Po godzinie 15 policjanci otrzymali zgłoszenie, że w zamkniętym i nagrzanym samochodzie zaparkowanym przy ul. Borowskiego od kilkudziesięciu minut znajduje się pies. Zgłaszający przekazał, że przez lekko opuszczoną szybę podał zwierzęciu trochę wody.
Na interwencje pojechały policjantki z wydziału ruchu drogowego. Udało się im bez wybijania szyby otworzyć drzwi i uwolnić psa. Funkcjonariuszki przewiozły owczarka do gorzowskiej komendy, gdzie dostał wodę.
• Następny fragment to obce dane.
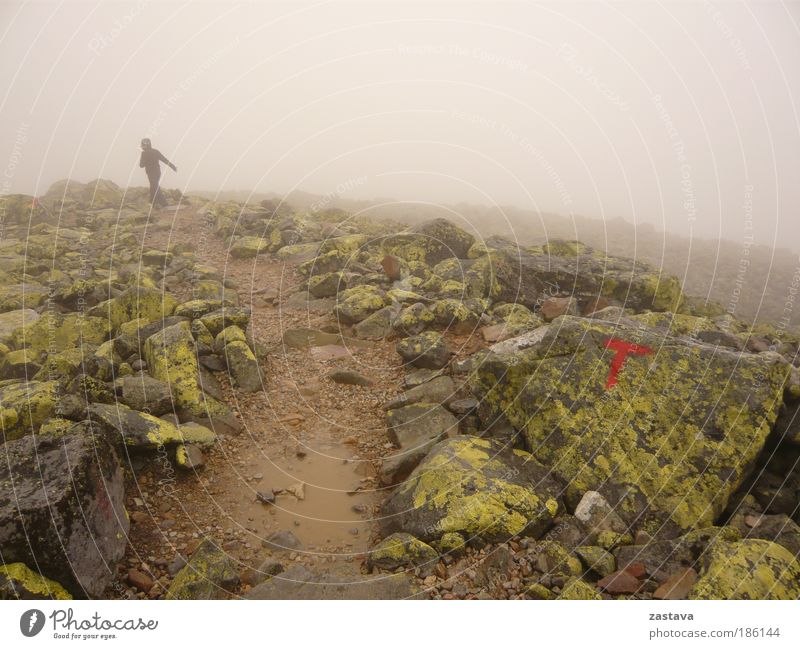 Running Woman Bergsteigen wandern Fußweg Weg Abenteuer Freiheit Berge u. Gebirge Klettern Landschaft Urelemente Erde Wasser schlechtes Wetter Wind Sturm Nebel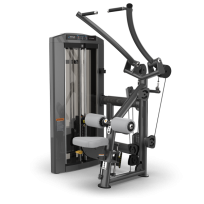 Тяга сверху TRUE FITNESS Palladium Lat Pulldown SPL-1100 Acrylic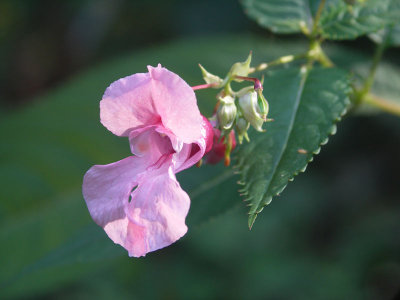 A20070916 008_k.jpg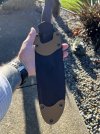 IMG_4538.jpeg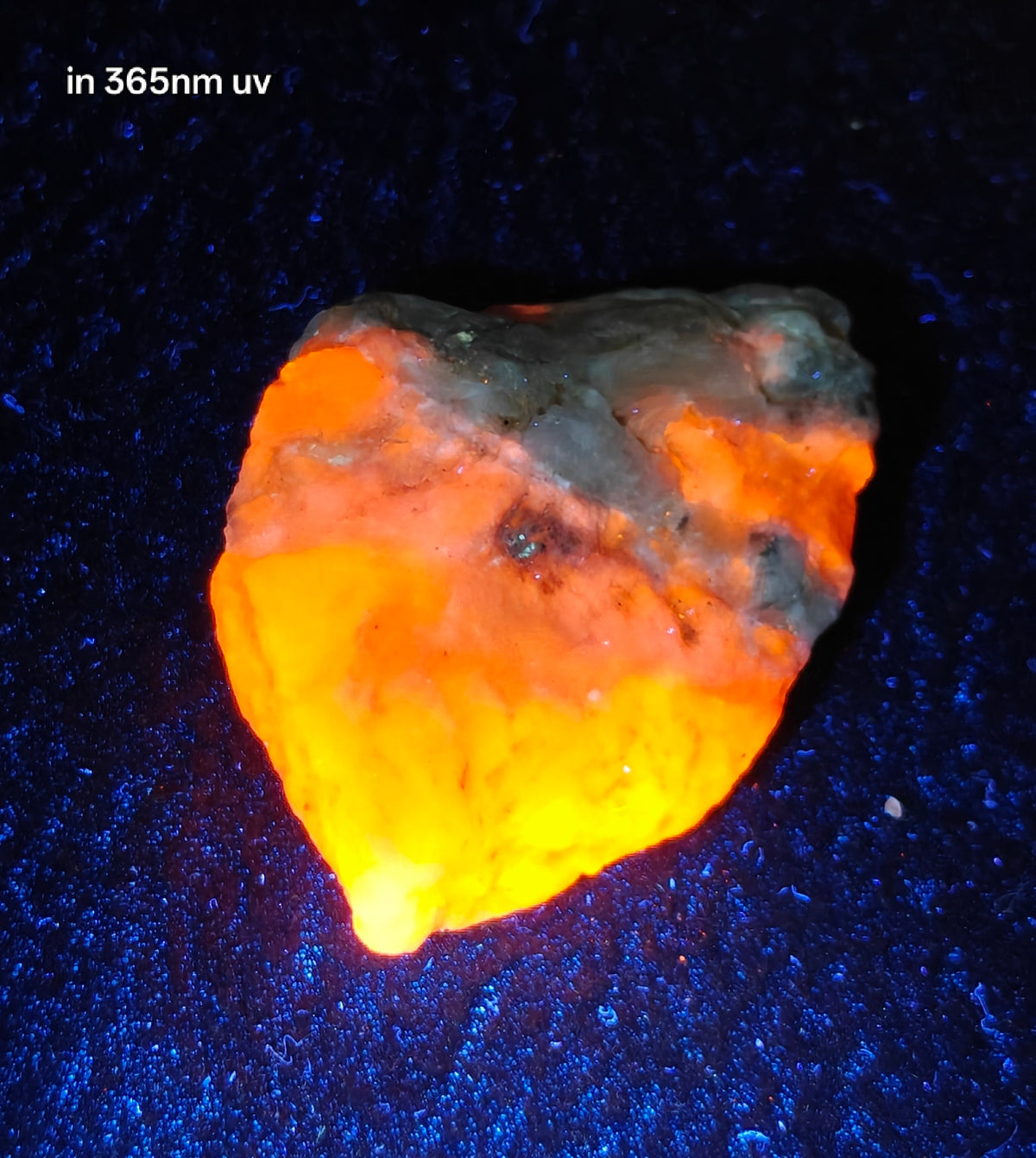 Natural highly Tenebrescent hackmanite 24 grams| Rare Mineral Specimens
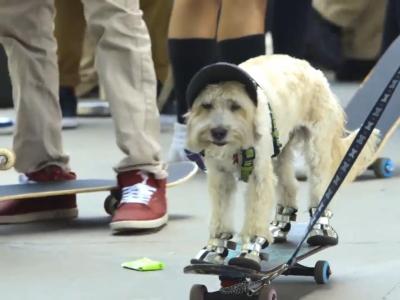 2016世界滑板日，美国纽约站火热气氛报道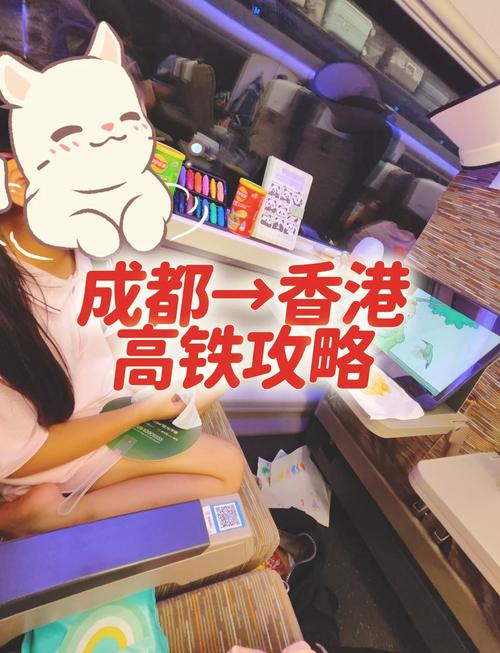 成都去香港签证办理流程（成都入境香港）-第5张图片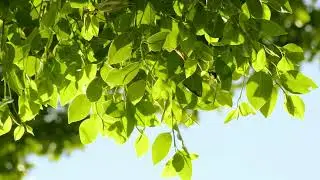 Благодарность Богу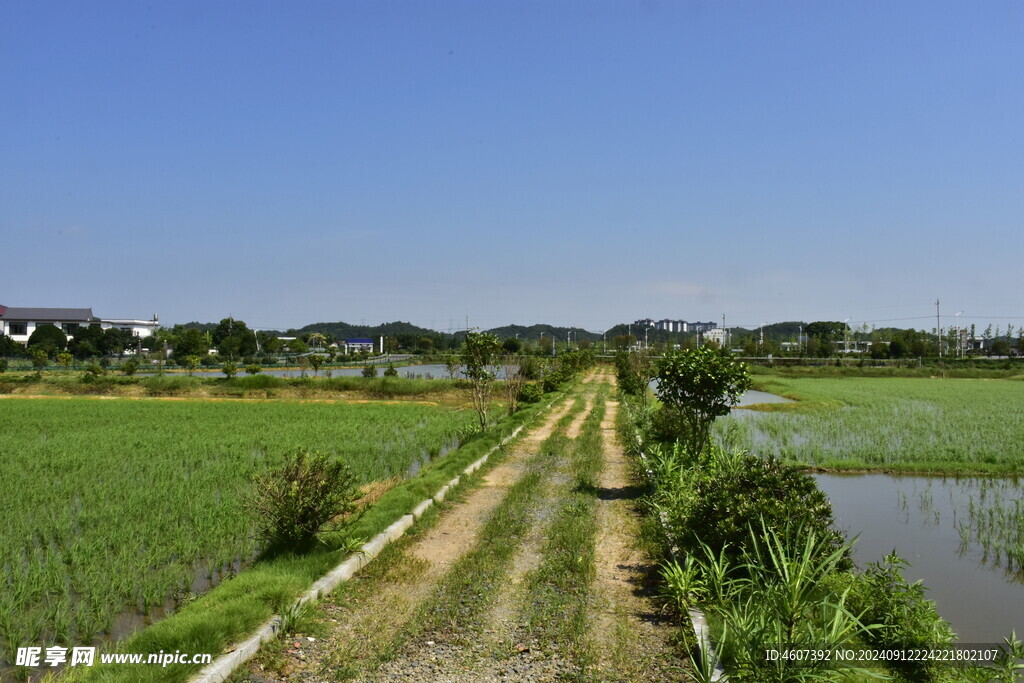 绿色的田野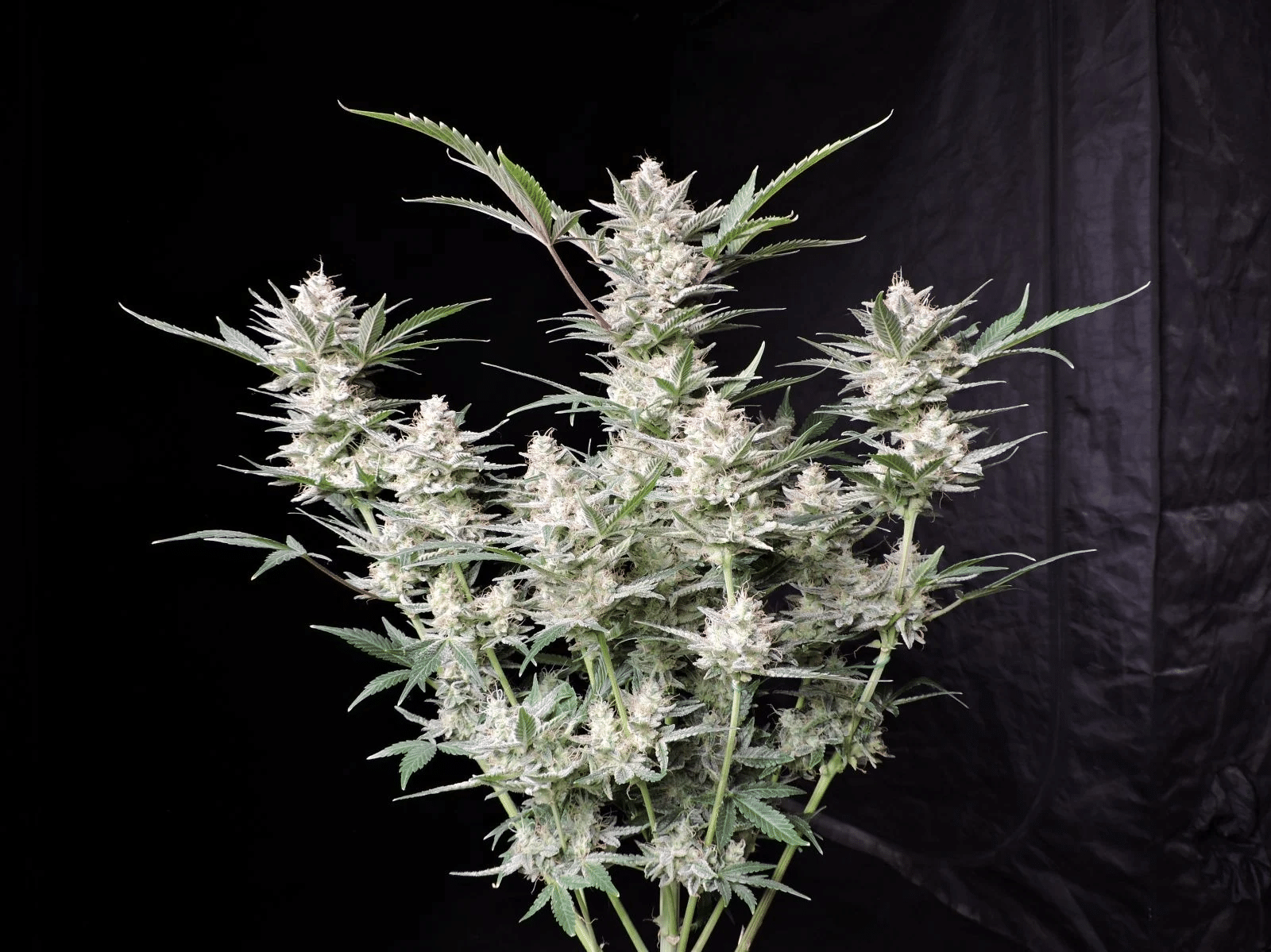 Strawberry Gorilla Auto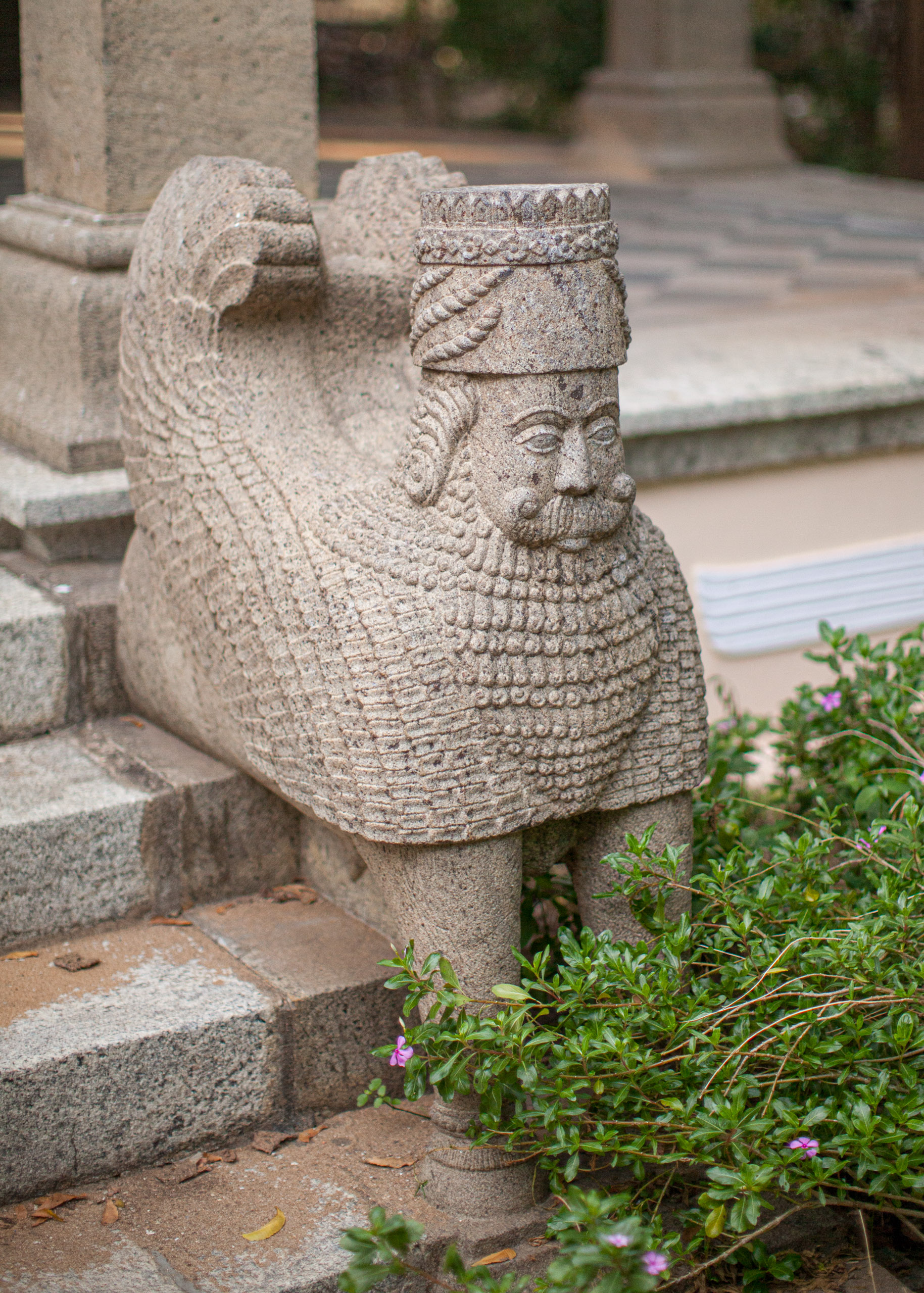 20110103164129 IMG 3999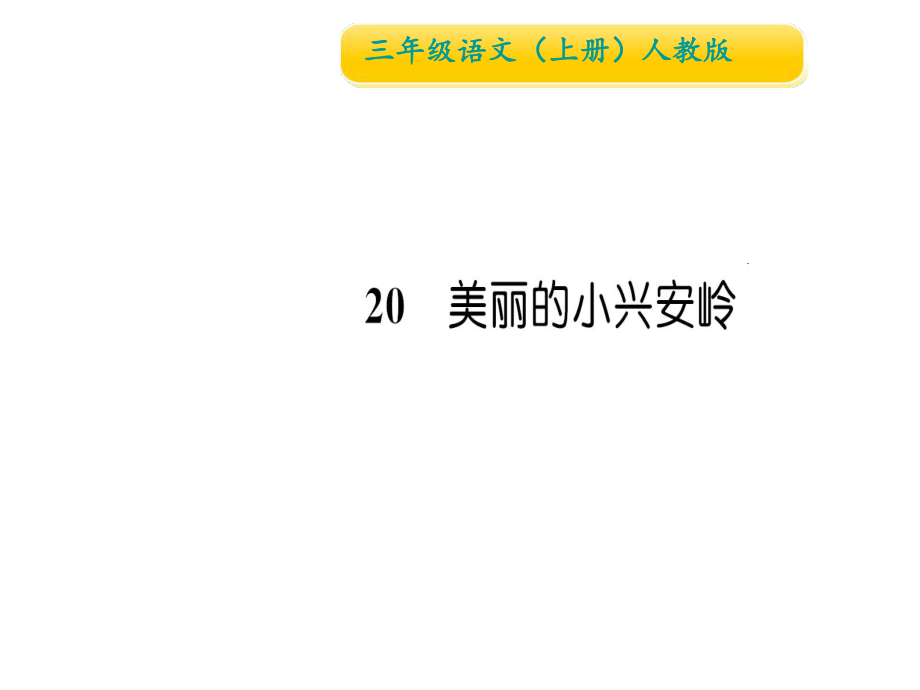 三年级上册语文习题课件-20 美丽的小兴安岭∣人教_第1页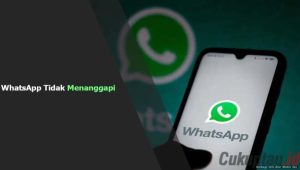 Cara Mengatasi WhatsApp Tidak Menanggapi Berikut Penyebab dan Cara Mengatasinya terbaru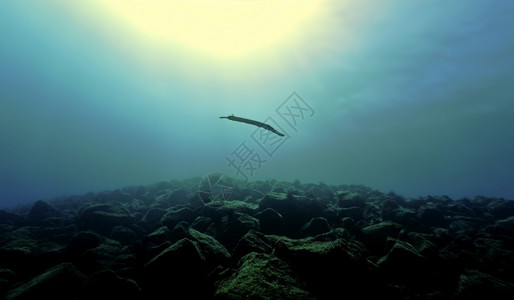 金丝雀独自的水潜图片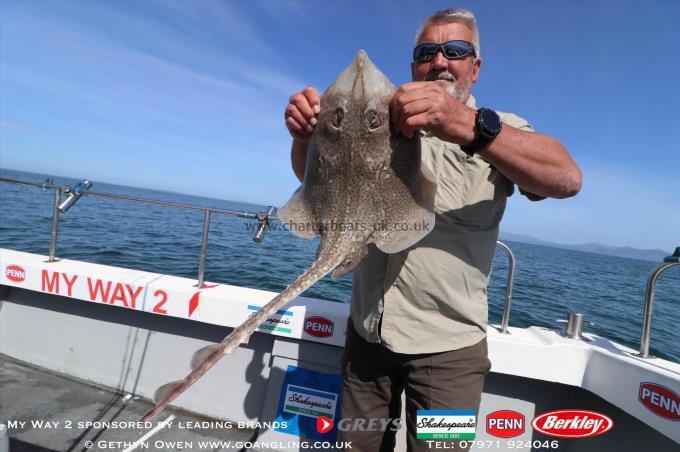 6 lb Thornback Ray by Dave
„W międzyczasie w komendzie pojawił się właściciel, który twierdził, że zostawił czworonoga w aucie tylko na chwilę. Wyjaśnienia te nie zgadzają się jednak ze wstępnymi ustaleniami, z których wynika, że mogły to być nawet dwie godziny” – powiedział kom. Jaroszewicz.
Dodał, że pies wrócił do właściciela, a z interwencji sporządzono niezbędną dokumentację i wszczęto wobec 51-latka postępowanie z Ustawy o ochronie zwierząt.